Ken Duggan’s truck idles on Vegas Verdes Drive, just off Cerrillos Road, as he pulls out his phone and takes a photo of an empty Walmart shopping cart on the sidewalk. He snaps pictures of two more nearby deserted carts before loading the three into his white truck—already laden with seven other pushcarts.
This is Duggan’s second load of the day. After securing the carts, he drives to Walmart, Smiths and the other box stores along Cerrillos to return the wheeled baskets. For each shopping cart returned, after wandering from the stores’ expansive parking lots, Duggan receives $15 from the city for his services.
Duggan’s business started in Albuquerque last year when he noticed how much of an eyesore the abandoned metal baskets on wheels were to the city. “It finally just came to head,” he says. “Why doesn’t somebody actually do something about all these carts?”
The inspiration led to the formation of Duke City Carts LLC. When Duggan’s not on duty as a Bernalillo County firefighter, he’s often out collecting carts.
When the city of Santa Fe heard about Duggan’s operation, officials came to him with a surprisingly large problem: Constituent services receives a lot of grief from Santa Feans about the abandoned carts.

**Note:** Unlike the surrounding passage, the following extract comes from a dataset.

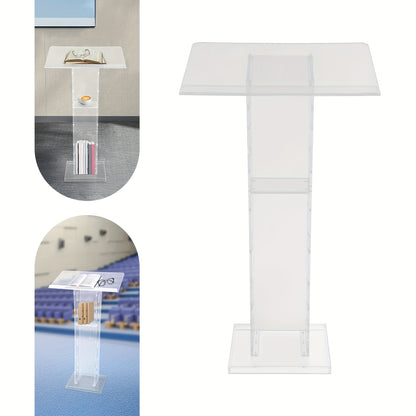 Spreekgestoelte – Lessenaar – Podium – Lezenaar – Katheder – Transparant Acryl – Lichtgewicht & Met Opslagplank – 110x60x40 cm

“It was relayed to me at one point that when I started this program that they had more complaints about shopping carts than all the other complaints combined,” Duggan says. In a news release last week, the city reported that complaints about abandoned shopping carts were the number one grievance filed online by residents.
Duggan secured a $20,000 contract with the city and went to work in the capital last month. As of this week, he has collected almost 750 carts.
“I’m averaging between 50 and 60 carts a day,” Duggan says. “There are a lot of carts out there.”
Duggan says the program’s upsides are threefold. Shoppers, retailers and the city benefit from the returning of carts to stores, cleaning up Santa Fe in the process.
The one group that might not look on Duggan’s work so favorably are those who use the wheeled vessels to carry their belongings. These individuals rely on shopping carts to move from one location to the next, forced into a state of permanent mobility with no other means of transportation and likely without permanent housing.
Duggan has strict requirements for collecting carts; if the cart is occupied, he doesn’t touch it. An occupied cart might look like someone pushing it down the street or a cart that obviously contains someone’s belongings.
“If it’s basically an abandoned cart, there’s nobody around it, nobody can say, ‘Hey, that’s my cart, I’ve got my stuff in it,’ just some trash. I’ll pick up the trash, if it’s a little bit,” Duggan says. He adds that when he finds carts loaded with trash or someone’s belongings, he snaps a picture and passes that along to constituent services.
Duggan says his collection efforts only reach so far.
“There’s parts that I can’t even get to, I can’t find, because they’re on private property where I’m not able to go,” he tells SFR.
As a city contractor Duggan is only allowed to collect carts from public spaces: sidewalks, roads and medians, for example, but he says a significant number of the abandoned carts he sees are on private property, just out of reach.
Though Duggan has contracts with some private retailers in Albuquerque, where his business is based, his work in Santa Fe is through the city.
Funding for the cart collection comes from the city clerk’s budget.
“The whole focus of this pilot project was to gather data,” Clerk Kristine Bustos-Mihelcic writes to SFR in an email. She explains that the data on the number, location and stores where the carts originate will be used “to develop legislation to address this issue.”
By Duggan’s estimates, stores lose between $8,000 and $10,000 a year on shopping carts—money, now saved, that Santa Fe retailers could contribute to paying for the return service. Asking stores to pay for the cost of cart return is a model other cities have taken up to keep streets free of obstructions, at no cost to taxpayers.